Okay, after typing this long, I’ve decided I will share the third cover KEEPING IN MIND that it might change.

No, darn it, I’d better not. TEMPTATION IS GNAWING AT ME!

I decided to be a good girl. Grrrrrr……..

My next post will be AFTER permission so hang in there.

Forged in Love is about a woman blacksmith who has a band of vicious stagecoach robbers trying to kill her.

To find out about blacksmiths, especially historical blacksmiths, I spent a day at a nearby Living History Museum set in a restored frontier fort, Fort Atkinson.

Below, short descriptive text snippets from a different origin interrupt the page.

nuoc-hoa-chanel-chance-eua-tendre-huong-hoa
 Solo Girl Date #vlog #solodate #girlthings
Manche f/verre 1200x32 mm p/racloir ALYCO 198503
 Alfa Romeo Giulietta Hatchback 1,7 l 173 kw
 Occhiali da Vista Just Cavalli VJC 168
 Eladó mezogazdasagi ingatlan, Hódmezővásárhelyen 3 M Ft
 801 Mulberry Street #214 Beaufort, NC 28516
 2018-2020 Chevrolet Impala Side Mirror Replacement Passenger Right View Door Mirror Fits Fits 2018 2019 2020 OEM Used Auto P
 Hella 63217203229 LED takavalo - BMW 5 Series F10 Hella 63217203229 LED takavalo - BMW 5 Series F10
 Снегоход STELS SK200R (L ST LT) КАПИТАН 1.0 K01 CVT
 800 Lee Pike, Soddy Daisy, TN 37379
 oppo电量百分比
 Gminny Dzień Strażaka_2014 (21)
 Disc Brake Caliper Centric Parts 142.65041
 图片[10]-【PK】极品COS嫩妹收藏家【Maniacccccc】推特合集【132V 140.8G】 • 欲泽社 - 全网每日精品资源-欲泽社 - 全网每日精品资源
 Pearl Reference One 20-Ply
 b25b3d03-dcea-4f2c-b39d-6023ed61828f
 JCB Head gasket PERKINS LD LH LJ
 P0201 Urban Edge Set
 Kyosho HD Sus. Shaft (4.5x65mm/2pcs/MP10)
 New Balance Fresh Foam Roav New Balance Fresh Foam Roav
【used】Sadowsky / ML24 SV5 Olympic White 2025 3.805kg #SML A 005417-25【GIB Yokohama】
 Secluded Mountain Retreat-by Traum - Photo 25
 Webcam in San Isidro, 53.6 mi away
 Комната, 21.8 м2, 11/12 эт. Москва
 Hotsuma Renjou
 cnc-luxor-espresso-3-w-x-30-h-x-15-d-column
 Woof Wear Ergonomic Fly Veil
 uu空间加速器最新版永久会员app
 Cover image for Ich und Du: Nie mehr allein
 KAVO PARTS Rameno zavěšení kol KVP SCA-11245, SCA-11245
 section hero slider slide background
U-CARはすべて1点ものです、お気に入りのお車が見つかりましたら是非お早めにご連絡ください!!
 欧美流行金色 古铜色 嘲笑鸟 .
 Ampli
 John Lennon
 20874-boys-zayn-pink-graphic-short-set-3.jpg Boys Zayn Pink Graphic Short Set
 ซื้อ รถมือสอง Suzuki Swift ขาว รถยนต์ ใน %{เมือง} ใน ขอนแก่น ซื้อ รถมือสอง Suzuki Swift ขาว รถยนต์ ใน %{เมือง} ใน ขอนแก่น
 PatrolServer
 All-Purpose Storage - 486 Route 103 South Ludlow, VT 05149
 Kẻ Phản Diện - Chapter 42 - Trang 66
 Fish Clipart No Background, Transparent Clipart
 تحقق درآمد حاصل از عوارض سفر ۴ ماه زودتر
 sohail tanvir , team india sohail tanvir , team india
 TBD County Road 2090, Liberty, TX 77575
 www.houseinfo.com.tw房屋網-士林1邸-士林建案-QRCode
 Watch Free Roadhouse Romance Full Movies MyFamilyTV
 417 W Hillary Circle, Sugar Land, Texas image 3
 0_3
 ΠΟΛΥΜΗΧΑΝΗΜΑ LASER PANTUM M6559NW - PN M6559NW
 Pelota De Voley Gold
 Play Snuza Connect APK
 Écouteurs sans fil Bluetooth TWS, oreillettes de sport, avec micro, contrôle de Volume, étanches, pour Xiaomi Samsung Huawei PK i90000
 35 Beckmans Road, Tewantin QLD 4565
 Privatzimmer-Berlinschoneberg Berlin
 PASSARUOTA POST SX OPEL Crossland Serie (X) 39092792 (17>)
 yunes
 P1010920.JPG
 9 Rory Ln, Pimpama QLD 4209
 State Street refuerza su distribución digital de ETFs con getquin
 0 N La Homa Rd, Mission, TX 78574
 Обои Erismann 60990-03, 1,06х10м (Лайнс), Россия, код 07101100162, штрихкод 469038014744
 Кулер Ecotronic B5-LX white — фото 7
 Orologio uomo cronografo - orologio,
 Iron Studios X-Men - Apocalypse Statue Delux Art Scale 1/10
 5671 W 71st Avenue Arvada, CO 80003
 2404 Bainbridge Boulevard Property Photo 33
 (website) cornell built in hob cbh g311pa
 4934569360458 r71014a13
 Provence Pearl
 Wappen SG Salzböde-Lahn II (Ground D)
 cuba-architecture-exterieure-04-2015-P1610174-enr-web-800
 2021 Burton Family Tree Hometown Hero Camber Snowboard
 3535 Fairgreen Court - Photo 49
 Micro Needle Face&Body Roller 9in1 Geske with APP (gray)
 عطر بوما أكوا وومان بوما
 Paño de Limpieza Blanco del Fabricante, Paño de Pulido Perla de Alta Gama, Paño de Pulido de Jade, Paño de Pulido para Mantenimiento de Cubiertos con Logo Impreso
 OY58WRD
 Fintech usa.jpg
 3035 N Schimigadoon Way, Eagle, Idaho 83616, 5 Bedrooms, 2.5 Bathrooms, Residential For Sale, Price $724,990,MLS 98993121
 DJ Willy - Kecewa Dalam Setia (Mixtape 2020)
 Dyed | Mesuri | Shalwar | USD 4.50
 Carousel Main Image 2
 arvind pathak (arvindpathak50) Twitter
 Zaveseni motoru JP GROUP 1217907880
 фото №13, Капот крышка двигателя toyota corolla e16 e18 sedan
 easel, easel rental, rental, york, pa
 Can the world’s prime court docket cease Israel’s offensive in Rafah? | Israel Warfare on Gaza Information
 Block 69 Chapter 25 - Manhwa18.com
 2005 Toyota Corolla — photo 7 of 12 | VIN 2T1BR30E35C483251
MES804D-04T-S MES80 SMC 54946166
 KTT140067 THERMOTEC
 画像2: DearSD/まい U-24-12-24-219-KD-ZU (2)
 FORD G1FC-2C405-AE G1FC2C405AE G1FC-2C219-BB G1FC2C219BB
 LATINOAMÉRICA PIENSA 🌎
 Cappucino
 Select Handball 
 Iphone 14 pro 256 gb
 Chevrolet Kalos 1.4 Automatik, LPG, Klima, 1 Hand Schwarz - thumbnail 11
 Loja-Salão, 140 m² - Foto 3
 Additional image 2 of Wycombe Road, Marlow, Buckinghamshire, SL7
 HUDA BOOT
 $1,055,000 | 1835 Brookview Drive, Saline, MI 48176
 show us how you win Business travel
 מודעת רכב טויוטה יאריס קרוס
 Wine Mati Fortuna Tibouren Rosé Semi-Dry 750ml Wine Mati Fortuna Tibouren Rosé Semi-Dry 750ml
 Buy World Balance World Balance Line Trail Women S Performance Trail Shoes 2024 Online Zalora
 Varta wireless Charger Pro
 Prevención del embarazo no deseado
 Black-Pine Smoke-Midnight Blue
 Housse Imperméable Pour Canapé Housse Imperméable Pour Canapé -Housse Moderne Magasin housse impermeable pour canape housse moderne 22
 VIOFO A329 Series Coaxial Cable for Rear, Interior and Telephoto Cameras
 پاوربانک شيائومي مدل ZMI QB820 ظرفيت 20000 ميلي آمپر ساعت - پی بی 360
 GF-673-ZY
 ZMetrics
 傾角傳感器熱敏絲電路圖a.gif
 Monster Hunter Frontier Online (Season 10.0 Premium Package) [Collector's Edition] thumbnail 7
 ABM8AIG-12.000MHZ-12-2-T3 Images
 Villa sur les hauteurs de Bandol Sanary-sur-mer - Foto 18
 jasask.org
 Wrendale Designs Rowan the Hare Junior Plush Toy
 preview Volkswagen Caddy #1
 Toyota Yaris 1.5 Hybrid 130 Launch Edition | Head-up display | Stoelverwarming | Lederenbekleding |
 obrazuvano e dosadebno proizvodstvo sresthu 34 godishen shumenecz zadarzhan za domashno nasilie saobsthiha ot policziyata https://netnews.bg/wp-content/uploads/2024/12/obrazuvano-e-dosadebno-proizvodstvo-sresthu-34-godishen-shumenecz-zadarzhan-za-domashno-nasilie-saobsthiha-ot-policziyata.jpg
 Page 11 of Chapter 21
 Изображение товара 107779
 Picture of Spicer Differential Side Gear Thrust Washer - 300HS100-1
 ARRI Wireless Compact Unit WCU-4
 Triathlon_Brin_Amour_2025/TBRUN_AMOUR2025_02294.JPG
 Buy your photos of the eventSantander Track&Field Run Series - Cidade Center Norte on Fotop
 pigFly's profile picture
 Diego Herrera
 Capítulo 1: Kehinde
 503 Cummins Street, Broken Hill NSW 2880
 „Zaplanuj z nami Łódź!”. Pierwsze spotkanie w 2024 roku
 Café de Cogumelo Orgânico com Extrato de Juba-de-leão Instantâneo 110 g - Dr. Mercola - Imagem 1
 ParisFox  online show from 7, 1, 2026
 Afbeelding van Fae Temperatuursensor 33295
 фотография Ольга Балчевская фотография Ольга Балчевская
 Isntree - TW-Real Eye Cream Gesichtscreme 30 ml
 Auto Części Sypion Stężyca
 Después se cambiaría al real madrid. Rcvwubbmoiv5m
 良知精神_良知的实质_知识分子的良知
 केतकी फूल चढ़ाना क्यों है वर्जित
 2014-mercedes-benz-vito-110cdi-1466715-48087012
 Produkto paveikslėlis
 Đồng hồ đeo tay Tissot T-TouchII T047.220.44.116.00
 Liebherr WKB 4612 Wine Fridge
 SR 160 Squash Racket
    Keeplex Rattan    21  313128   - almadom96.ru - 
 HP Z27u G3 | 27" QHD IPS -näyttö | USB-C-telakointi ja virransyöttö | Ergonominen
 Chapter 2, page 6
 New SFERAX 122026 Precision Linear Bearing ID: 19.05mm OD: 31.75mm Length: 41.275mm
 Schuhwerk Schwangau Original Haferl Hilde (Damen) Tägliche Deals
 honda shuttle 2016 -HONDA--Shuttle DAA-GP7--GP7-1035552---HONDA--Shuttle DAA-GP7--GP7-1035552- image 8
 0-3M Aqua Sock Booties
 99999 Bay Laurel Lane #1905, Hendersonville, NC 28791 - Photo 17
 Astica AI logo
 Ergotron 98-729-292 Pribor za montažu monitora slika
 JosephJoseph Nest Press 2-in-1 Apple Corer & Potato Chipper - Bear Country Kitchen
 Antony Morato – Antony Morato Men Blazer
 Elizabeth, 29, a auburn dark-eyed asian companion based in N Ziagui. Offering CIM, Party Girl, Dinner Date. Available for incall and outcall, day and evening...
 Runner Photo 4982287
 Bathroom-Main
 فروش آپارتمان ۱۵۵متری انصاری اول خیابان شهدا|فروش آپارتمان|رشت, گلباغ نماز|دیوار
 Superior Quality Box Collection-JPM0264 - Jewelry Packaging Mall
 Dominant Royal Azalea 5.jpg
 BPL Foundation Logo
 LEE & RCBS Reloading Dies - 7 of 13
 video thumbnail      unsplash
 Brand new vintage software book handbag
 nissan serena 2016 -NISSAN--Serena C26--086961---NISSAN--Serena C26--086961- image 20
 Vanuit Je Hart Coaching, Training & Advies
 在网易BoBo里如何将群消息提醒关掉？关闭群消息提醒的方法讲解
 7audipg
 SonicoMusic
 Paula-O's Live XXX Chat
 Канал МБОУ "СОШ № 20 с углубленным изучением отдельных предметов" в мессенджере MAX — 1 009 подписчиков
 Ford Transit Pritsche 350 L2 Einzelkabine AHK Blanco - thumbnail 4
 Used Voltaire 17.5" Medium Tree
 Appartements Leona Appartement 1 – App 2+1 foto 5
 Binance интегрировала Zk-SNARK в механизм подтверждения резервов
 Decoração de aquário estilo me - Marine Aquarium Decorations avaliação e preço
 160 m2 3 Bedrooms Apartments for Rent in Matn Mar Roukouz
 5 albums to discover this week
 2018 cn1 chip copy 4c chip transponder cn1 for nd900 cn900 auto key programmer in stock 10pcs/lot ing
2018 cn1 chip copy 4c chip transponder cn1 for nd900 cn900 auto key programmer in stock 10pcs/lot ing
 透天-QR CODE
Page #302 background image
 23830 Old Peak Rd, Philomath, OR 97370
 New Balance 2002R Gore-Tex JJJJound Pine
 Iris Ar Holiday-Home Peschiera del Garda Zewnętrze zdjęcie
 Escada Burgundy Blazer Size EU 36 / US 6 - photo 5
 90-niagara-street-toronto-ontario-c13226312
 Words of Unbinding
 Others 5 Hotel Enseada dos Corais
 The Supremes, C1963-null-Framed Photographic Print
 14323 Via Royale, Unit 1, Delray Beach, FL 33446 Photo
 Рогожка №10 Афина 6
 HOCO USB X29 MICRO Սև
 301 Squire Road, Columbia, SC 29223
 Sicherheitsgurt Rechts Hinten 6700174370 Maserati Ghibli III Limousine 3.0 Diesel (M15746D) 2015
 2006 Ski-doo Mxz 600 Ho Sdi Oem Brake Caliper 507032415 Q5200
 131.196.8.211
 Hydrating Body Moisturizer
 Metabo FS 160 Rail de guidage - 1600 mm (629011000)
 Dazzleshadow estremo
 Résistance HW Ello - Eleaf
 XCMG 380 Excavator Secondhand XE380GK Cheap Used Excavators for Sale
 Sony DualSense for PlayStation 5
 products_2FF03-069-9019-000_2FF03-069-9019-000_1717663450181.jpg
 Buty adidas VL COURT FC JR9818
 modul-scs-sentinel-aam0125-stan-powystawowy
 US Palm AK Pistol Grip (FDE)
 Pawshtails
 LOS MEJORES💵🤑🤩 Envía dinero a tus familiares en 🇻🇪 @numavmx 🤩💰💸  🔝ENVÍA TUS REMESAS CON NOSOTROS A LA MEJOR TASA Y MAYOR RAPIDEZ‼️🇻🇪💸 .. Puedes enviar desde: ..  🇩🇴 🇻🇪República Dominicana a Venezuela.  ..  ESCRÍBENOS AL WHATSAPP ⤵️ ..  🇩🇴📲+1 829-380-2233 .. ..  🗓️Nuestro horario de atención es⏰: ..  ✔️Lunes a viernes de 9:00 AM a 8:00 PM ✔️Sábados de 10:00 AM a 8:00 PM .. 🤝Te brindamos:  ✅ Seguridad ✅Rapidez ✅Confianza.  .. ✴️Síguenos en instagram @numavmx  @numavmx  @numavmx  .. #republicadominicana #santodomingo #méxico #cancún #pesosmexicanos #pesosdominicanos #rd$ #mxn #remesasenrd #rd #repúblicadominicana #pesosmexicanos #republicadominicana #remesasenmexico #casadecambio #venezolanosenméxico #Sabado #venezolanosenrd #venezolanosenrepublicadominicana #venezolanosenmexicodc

I will tell you this…as a person who sometimes needs odd, tiny details for the setting of my books, and a person who is a natural prairie dog who prefers to spend her time in her own hole…occasionally popping my head up, then ducking away when someone comes too close…I know that talking to experts on specific details in a book is just always fun. They LOVE it.

Really? You want to know more about historical laundry?

Yes, please, tell me more about bluing. And did they have to build their own washboards?

Tears of Joy ensue from said living history reenactor. Followed by allllllllllllllllllllllll they know.

Interspersed with me saying, repeat that again? Slow down. I’m trying to get this all down.

More tears of Joy!

It’s fun.

I guess not that many people have follow up questions to the historical blacksmith ‘cuz I talked to him FOREVER and he was just great. I’ve had similar experiences with Lewis and Clark reenactors, gunsmiths, tinsmiths, a cooper (wooden buckets, butter churns, washtubs, etc), a farrier (horse shoeing and blacksmithing are NOT the same job)…there are others. I talked to a guy in charge of a Western Trails museum about the Oregon Trail. A Trails and Rails museum about railroads. And the thing is, the questions are small. Weird little details I didn’t know. 

I—a person who spends a LOT of time in historical reading and research, had weird little questions. And these experts LOVE ANSWERING THEM. 

It’s a symbiotic relationship. 

And yet Mary the prairie dog, drags her heels about doing these things. Why????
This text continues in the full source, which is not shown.